Binder, the above-described polymer A, 46.3 g

Photoacid generator, trade name: PAG-103 (BASF), 0.435 g

Solvent, HS-EDM (diethylene glycol ethyl methyl ether manufactured by Toho Chemical Industry Co., Ltd.), 52.2 g

Crosslinking agent, JER157S65 (epoxy crosslinking agent manufactured by Japan Epoxy Resins Co., Ltd.), 0.99 g

Adhesion promoter, γ-glycidoxypropyltrialkoxysilane (KBM-403 manufactured by Shin-Etsu Chemical Co., Ltd.), 0.599 g

Basic compounds

DBN: 1,5-diazabicyclo[4.3.0]-5-nonene (Tokyo Chemical Industry Co., Ltd.), 0.01 g

TPI: triphenyl imidazole (Wako Pure Chemical Industries, Ltd.), 0.01 g

Surfactant, perfluoroalkyl group-containing nonionic surfactant (F-554 manufactured by DIC Corporation), 0.02 g

The respective ingredients described above were mixed to obtain a homogeneous solution. The solution was then filtered through a polytetrafluoroethylene filter with a pore diameter of 0.2 μm to prepare the organic insulating film composition (1). The organic insulating film composition (1) prepared as described above is hereinafter referred to as “organic insulating film composition (P-1).”

SYNTHESIS EXAMPLE 2 OF ORGANIC INSULATING FILM COMPOSITION (1)

The acid/epoxy binder B (hereinafter referred to as “binder solution B”) described in Synthesis Example 1 of JP 2961722 B was synthesized.

Binder solution B obtained by the above-described synthesis method (amount corresponding to 20.0 parts in terms of solid content)

Photosensitizing agent (TAS-200 manufactured by Toyo Gosei Co., Ltd.), 5.0 parts

Adhesion promoter (KBM-403 (trade name) manufactured by Shin-Etsu Chemical Co., Ltd.), 0.5 parts

Solvent, propylene glycol monomethyl ether acetate (PGMEA manufactured by Daicel Chemical Industries, Ltd.), 77.1 parts

Surfactant (MEGAFACE F172 manufactured by DIC Corporation), 0.005 parts

The respective ingredients described above were mixed to obtain a homogeneous solution. The solution was then filtered through a polytetrafluoroethylene filter with a pore diameter of 0.2 μm to prepare the organic insulating film composition (1).

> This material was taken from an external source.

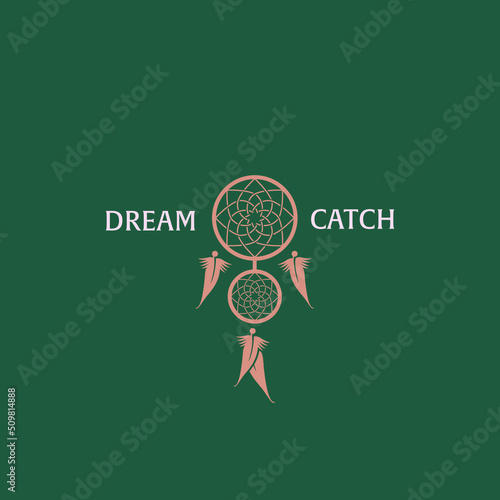 Dream Catch logo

SYNTHESIS EXAMPLE 3 OF ORGANIC INSULATING FILM COMPOSITION (1)

A mixture solution of glycidyl methacrylate (GMA (Wako Pure Chemical Industries, Ltd., 26.51 parts (0.21 molar equivalent))), methacrylic acid (MAA (Wako Pure Chemical Industries, Ltd., 18.35 parts (0.24 molar equivalent))), styrene (St (Wako Pure Chemical Industries, Ltd., 41.62 parts (0.45 molar equivalent))), 3,4-epoxycyclohexylmethyl methacrylate (Wako Pure Chemical Industries, Ltd., 13.52 parts (0.10 molar equivalent)) and propylene glycol monomethyl ether acetate (PGMEA (257.0 parts)) was heated to 80° C. under a gaseous nitrogen stream. While this mixture solution was stirring, a mixture solution of a radical polymerization initiator V-65 (trade name, Wako Pure Chemical Industries, Ltd., 3 parts) and propylene glycol monomethyl ether acetate (PGMEA (Daicel Chemical Industries, Ltd., 100.0 parts)) was added dropwise over 2.5 hours. After the end of the dropwise addition, the resulting solution was reacted at 70° C. for 4 hours to obtain a solution in PGMEA (propylene glycol monomethyl ether acetate) (solid content concentration: 40%). The PGMEA (propylene glycol monomethyl ether acetate) solution is hereinafter referred to as “binder solution C.”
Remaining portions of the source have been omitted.